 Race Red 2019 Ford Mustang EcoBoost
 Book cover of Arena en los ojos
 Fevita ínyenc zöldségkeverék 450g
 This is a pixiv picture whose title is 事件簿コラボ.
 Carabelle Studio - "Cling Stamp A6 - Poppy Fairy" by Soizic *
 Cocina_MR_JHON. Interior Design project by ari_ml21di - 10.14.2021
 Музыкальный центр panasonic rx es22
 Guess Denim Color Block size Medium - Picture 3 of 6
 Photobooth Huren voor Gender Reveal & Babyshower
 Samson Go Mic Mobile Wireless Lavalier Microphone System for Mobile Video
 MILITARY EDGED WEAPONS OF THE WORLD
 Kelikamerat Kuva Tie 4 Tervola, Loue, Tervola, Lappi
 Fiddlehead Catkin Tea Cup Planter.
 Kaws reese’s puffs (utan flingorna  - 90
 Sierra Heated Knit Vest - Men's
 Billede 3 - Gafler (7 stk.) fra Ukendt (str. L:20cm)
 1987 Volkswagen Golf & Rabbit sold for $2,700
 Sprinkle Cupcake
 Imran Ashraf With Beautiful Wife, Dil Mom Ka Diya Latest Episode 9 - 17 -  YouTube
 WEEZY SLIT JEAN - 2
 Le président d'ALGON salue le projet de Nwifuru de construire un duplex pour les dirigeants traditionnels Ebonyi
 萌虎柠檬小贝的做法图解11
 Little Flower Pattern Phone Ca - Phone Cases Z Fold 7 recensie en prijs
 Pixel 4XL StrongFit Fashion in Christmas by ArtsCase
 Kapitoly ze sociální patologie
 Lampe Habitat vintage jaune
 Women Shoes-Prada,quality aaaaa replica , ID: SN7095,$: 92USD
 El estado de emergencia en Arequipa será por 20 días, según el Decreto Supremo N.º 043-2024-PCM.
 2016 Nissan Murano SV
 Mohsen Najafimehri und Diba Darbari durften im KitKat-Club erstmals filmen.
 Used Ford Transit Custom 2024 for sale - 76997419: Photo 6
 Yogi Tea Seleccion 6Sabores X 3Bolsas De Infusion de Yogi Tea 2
- - -
• PROBLEM REQUIREMENTS
Apply a filter to the listing above so that only lines with "Ford" are kept, and copy those lines.

• RESULT
 Race Red 2019 Ford Mustang EcoBoost
 Used Ford Transit Custom 2024 for sale - 76997419: Photo 6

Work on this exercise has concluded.